Movie Review – Lookin’ to Get Out

Lookin’ To Get Out (1982)
Written by Jon Voight
Directed by Hal Ashby

For some reason, in the 1980s, Hal Ashby made three crime films and a pilot for a failed crime series. I have no idea why he was given this material or why he would be attracted to it. Throughout his 1970s work Ashby reflected a deeply anti-authoritarian theme, particularly toward law enforcement. That’s not to say these movies a pro-police, they traffic in annoying criminal cliches and don’t necessarily give their roguish protagonists anything interesting or unique to do.

Lookin’ to Get Out follows Alex Kovac (Jon Voight), a chronic gambler living in NYC who is down ten grand to his bookies. They have given him a day to find the money, or they hurt him, so Alex has recruited his best friend Jerry (Burt Young) to fly to Las Vegas and scam a casino out of the money. Jerry shares a name with a regular gambler at the hotel, and so he’s comped a room and chips by the staff. Before the duo can start earning their money back, Alex runs into an old flame Patti (Ann-Margret) who works there and has kept a big secret from Alex all these years.

Lookin’ to Get Out was Jon Voight’s screenwriting debut, and that amateurish nature is on display. This is not a complete failure, definitely not as incoherent as Second-Hand Hearts. However, it’s characters are not compelling or hugely likable. There are numerous scenes with Alex and Jerry simply laughing like kids at their dumb luck, and I guess these moments are meant to endear them to us. They do not. The writing is full of eye-rolling contrivances. Jerry happens to share the exact same name as a high roller that frequents the casino, yet the staff doesn’t know what he looks like? I would argue that our two main characters never really struggle to deal with the conflict of the movie, they sort of fall into coincidental good luck.

If this were a more smartly written picture, it could have done some exciting things with gambling addiction and the mechanics of the game. Compare this to the casino sequences in Rain Man, and you can see how tense and enjoyable playing cards can be made on film. Here it is dull and boring, losing a sense of momentum. It seems the plot is so focused on having a big slapstick moment where all parties are in the same room at the same time it doesn’t really care about the details. Is that slapstick moment worth it? Not at all.

The coincidences stack up to the point of absurdity. Alex happens to pick the casino where his former ex-lover now works.
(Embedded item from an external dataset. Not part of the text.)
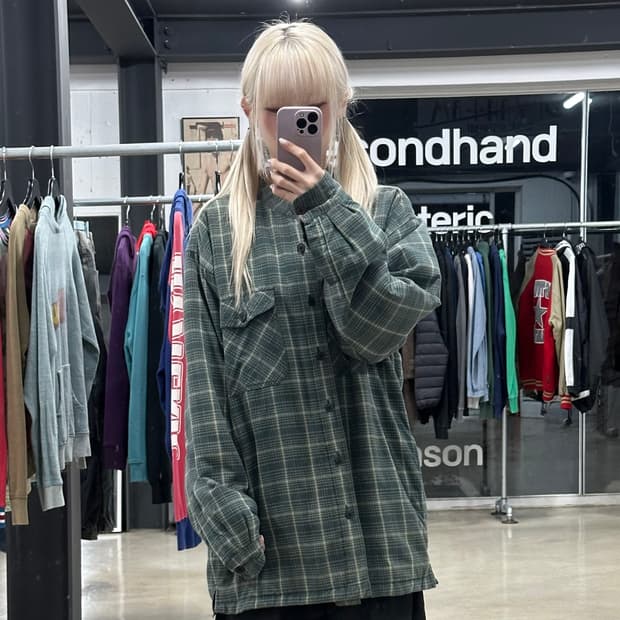 퀵실버 체크 누빔 오버핏 셔츠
Okay. Oh yeah, and the waiter who brings room service up happens to be a genius Blackjack player from way back that Alex remembers from when he lived here. This is lazy writing. It would have made more sense to allow relationships to develop so that maybe Alex strikes up a conversation with the waiter and learns this fact about him. It feels stupid that this is a guy he happens to remember and run into after eight years of being away.

Voight fell into a nest of cliches while writing. There is the “hooker with a heart of gold” trope, “the magical streak of good luck,” and ultimately, Alex and Jerry suffer zero consequences for everything they have done. I guess Ashby signed onto this because he enjoyed working with Voight on Coming Home and was helping him out by directing his first script. There are, of course, stories about the studio making their own cut and releasing that, but Ashby’s was eventually put out in 2009. That’s the version I watched, and I can’t imagine how much worse the studio could have done. Just a few more films to go as we move through this disappointing period of Ashby’s life.